From raw metal to finished product: integrated manufacturing at Marshall Aerospace

Marshall Aerospace’s manufacturing specialists have delivered tens of thousands of high-quality parts, complex components and assemblies for civil and military aircraft and ground equipment. Working from a NADCAP-accredited 3,700m2 facility, the team is able to provide all aspects of manufacture, repair and overhaul.

A new video shows the manufacturing process from start to finish, following our experts in Cambridge as they take a single product all the way from CNC programming through machining, inspection, testing, treatment, paint and final assembly. This is all housed under one roof, avoiding the complexity, cost and risks associated with subcontracting.

The product is then delivered to Marshall’s Advanced Manufacturing Solutions facility, where it is installed inside a Boeing P-8 Poseidon auxiliary fuel tank.

Everything under one roof

A summary of the key production stages captured in the video can be found below.

Front-end processes

Working directly from Marshall Aerospace’s build-to-print design for this P-8 Poseidon fuel tank part, the team completes CNC programming before proceeding to machining, turning lengths of raw metal into complex shapes.

The Cambridge workshop contains a full range of equipment for CNC milling and turning, manual milling and turning, grinding, honing, sheet-metal fabrication, and additive manufacturing.

Physical inspection

Following complex production, our technicians carry out an array of rigorous conformity and compliance checks to ensure that the product has been produced in line with the most exacting aerospace standards.

Visible in this video is a coordinate measuring machine (CMM), which precisely measures the dimensions of the manufactured part, using a computer-controlled probe to capture 3D data.

Testing

After passing initial inspection, the part then moves on to non-destructive testing (NDT). This is conducted in a dedicated in-house facility for fluorescent penetrant testing, which can expose any surface-breaking defects on produced parts and components.

If needed, Marshall’s manufacturing team also has access to a broader range of aerospace NDT capabilities across the business, including magnetic testing, eddy current testing, ultrasonic testing, and radiography.

Treatment and coatings

Once the part is confirmed to be free of surface defects, it undergoes surface treatment and coatings – in this case, chromic and sulphuric anodising.
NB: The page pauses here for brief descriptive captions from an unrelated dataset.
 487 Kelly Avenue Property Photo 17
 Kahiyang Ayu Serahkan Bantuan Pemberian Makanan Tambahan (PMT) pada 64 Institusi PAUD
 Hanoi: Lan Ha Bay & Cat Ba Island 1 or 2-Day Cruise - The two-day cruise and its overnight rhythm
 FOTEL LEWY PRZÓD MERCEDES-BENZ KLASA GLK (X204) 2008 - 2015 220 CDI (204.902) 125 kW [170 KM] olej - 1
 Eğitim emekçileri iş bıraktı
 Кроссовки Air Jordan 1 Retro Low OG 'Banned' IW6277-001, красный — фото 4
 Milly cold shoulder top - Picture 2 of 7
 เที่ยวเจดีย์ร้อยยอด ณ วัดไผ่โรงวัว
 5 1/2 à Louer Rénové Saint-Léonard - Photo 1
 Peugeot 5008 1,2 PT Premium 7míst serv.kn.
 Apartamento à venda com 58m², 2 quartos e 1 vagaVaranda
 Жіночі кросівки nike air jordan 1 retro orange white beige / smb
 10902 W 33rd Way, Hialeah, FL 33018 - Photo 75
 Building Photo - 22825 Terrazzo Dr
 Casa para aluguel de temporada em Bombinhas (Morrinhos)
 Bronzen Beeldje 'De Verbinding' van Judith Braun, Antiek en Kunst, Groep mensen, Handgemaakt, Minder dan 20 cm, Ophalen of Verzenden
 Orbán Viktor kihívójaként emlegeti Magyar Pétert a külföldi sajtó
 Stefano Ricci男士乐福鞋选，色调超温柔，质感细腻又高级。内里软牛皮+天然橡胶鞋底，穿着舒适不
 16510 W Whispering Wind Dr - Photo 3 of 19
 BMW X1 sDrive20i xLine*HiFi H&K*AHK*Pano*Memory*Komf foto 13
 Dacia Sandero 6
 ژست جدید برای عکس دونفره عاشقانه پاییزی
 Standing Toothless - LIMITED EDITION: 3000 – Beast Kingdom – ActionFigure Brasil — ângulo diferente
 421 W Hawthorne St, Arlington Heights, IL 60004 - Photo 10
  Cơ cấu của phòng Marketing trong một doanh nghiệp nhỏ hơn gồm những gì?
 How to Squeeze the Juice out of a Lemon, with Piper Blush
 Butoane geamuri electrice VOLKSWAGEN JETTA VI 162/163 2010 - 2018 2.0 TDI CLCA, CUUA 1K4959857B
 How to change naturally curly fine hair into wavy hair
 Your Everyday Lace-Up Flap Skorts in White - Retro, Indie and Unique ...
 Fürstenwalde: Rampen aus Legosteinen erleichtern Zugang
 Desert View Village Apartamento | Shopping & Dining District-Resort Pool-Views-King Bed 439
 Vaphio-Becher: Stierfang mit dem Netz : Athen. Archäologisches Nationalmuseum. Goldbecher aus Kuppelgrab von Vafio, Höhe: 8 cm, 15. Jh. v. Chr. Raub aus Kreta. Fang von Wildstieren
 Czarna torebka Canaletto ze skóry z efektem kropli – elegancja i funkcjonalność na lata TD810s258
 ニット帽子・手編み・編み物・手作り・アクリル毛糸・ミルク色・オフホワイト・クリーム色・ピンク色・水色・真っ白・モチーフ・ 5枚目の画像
A number of additional treatments can be carried out as needed, including heat treatment, surface treatment, chromate conversion coating, and CRS passivation. All of these help to make products fit for purpose, protecting them from corrosion and enhancing their useful lifespan.

Once this is complete, the part is painted thoroughly in the facility’s dedicated paint room.

Final assembly

Having been through machining, inspection, treatment and paint, the remaining stage in the process is to assemble the product ahead of delivery.

Depending on the customer’s needs, Marshall Aerospace can carry out complex structural and electrical assembly to standards required for critical airborne components.

The assembled product then receives a final inspection and is cleared for delivery.

Installation

The finished part is delivered to Marshall Aerospace’s Advanced Manufacturing Solutions facility, which provides third-party complex subsystem assembly for some of the world’s leading aerospace and defence businesses.

The product is kept in inventory until the time comes to install it inside a Boeing P-8 auxiliary fuel tank. This completes a process by which, over a matter of days, several pieces of raw metal have now been transformed into a certified flight-ready part.